Would you transcribe the records below from the line with "345 Spruce St, Unit" to the line with "Ascot Court, Grove", ends included, exactly and with nothing more, leaving the pictures out?

Data for this task –

++++++++

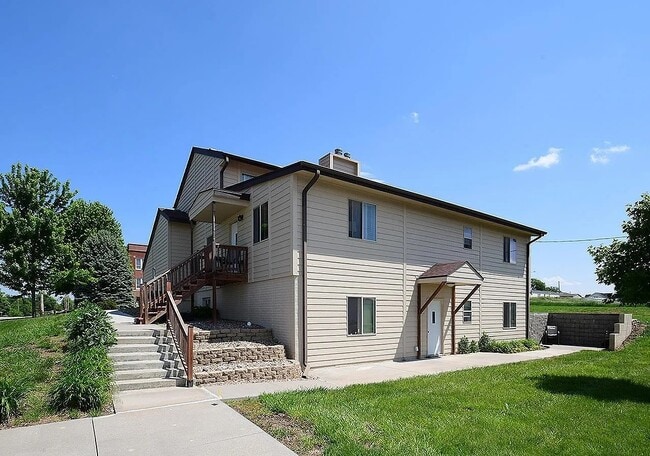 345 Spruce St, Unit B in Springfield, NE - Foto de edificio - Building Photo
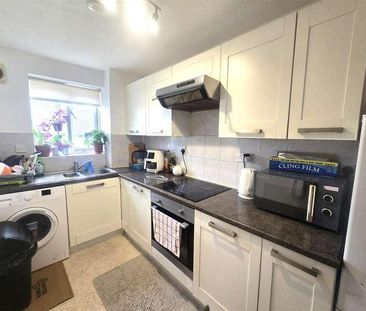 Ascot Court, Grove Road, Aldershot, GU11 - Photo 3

++++++++

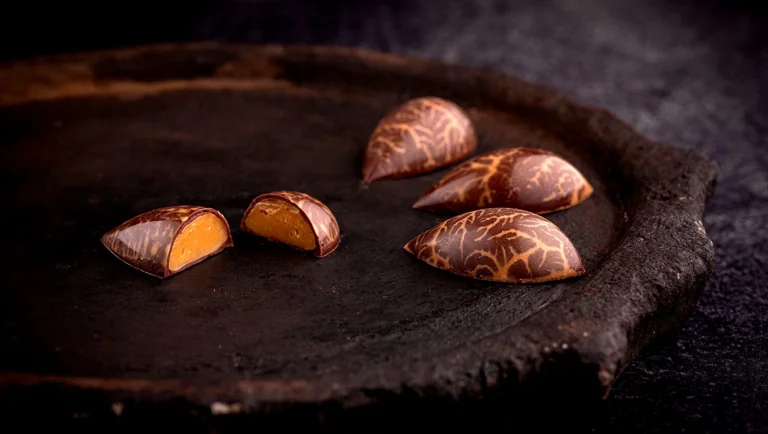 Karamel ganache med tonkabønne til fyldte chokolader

++++++++

Finished exercise –
 345 Spruce St, Unit B in Springfield, NE - Foto de edificio - Building Photo
 Ascot Court, Grove Road, Aldershot, GU11 - Photo 3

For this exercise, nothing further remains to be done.